Dans ce bilan, on a examiné tout d’abord si la cible d’inflation était atteinte ou pas et on a remarqué que le taux d’inflation était resté inférieur à la cible dans les premières années et qu’il avait convergé vers la cible à la fin de la période de ciblage d’inflation implicite. Cela a renforcé la confiance dans la réussite et la continuité de la politique, ainsi que le degré de crédibilité du ciblage d’inflation. Par contre, dans la première année de ciblage d’inflation explicite, la cible n’est pas atteinte et est restée supérieure à la cible à la fin de 2006, ce fait étant dû aux chocs d’offre et à l’environnement économique international. On a constaté aussi que les dynamiques de l’inflation avaient changées significativement dans la période de ciblage d’inflation implicite.
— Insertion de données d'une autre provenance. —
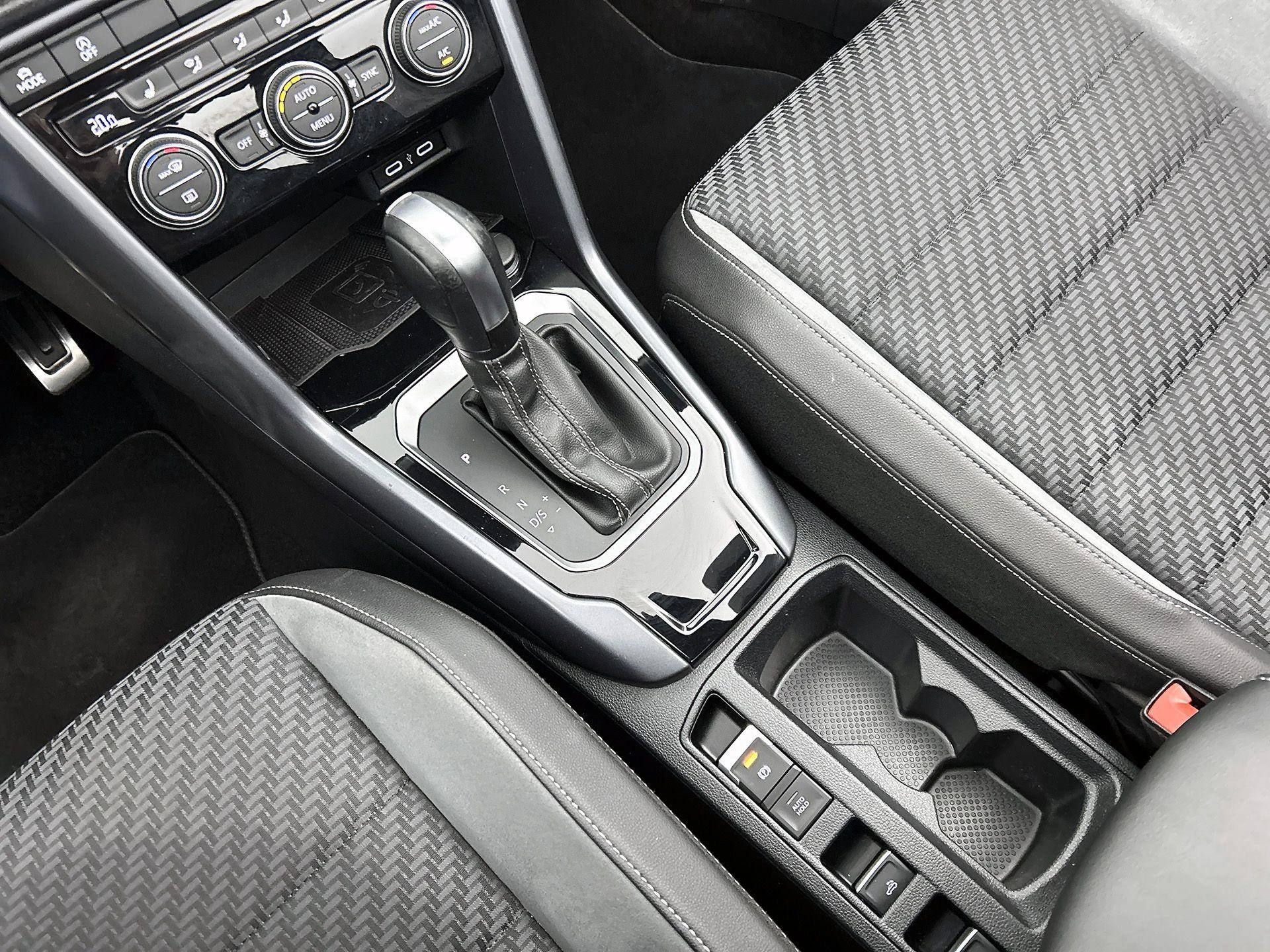 Volkswagen-T-Roc-image-20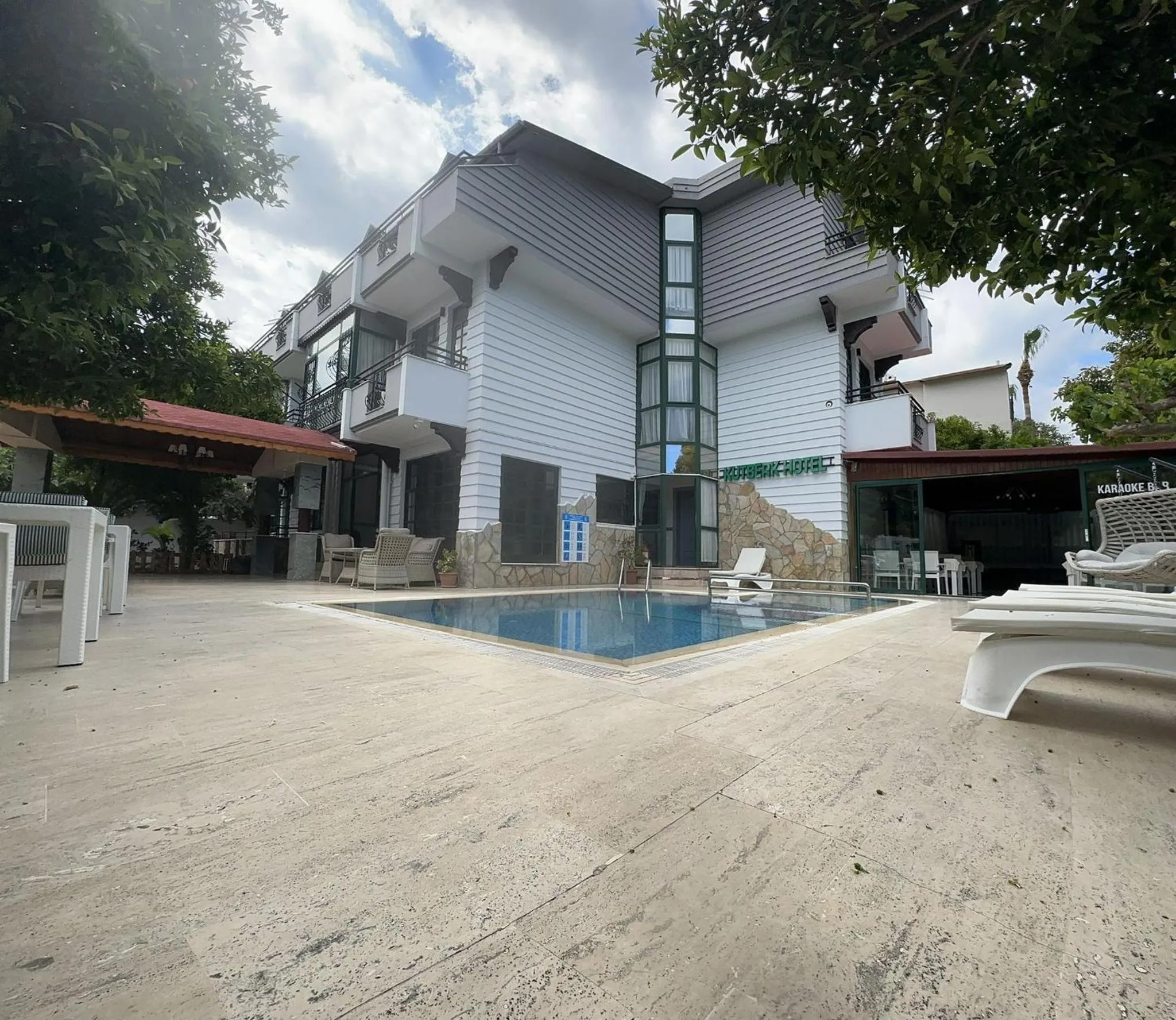 Swimming pool in Kutberk Hotel Kemer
On sait que dans le cadre du régime de ciblage d’inflation, le taux de change reste flexible, la Banque Centrale se réservant le droit d’intervenir pour éviter toute fluctuation trop forte. Dans ce cadre, on a constaté que le taux de change était moins volatile et la Banque Centrale était intervenue quand cela avait été nécessaire. Quant au taux de change réel effectif, il s’est amélioré et la Livre Turque s’est appréciée sous la politique de ciblage d’inflation.

Quant à l’instrument de la politique de ciblage d’inflation, c’est-à-dire le taux d’intérêt de la Banque Centrale le jour au jour, on peut dire que la Banque Centrale a réussi à les baisser graduellement aussi bien dans la période du ciblage d’inflation explicite qu’implicite.

On sait que dans le cadre d’un régime de ciblage d’inflation, la discipline financière est très importante. C’était l’un des points les plus faibles de l’économie turque après les crises de 2000 et de 2001. Mais dès la mise en adoption de la nouvelle politique de ciblage d’inflation, la part de la dette publique est réduite et qu’on a pu assurer une certaine discipline financière puisque la dominance fiscale a été réduite et la profondeur financière a baissé..

Enfin, on peut ajouter que l’économie turque a continué à croître sous cette nouvelle politique monétaire : le taux de croissance a passé d’un taux négatif à des taux positifs, dépassant même l’objectif de taux de croissance.

La Turquie a adopté la politique de ciblage d’inflation après les échecs de différentes politiques de désinflation. Ces politiques ont souvent échoué à cause du problème de l’incohérence temporelle parce que les politiques prévues ne restaient pas toujours optimales d’une conjoncture économique à l’autre et elles étaient abandonnées à la suite des crises économiques étant elles-même des sources de problèmes de crédibilité et détériorant la crédibilité. A la différence des politiques mises en œuvre avant la politique de ciblage d’inflation, cette dernière a continué et réussie. Le niveau de la crédibilité de la Banque Centrale s’est amélioré grâce à cette politique qui est souvent proposée en tant qu’une politique améliorant le degré de la crédibilité et évitant le biais inflationniste. On peut se demander maintenant en quoi c’est une politique qui améliore le degré de la crédibilité. Dans le chapitre suivant, on va se focaliser sur cette question et essayer de comprendre en quoi il s’agit d’une politique monétaire qui peut améliorer le degré de la crédibilité.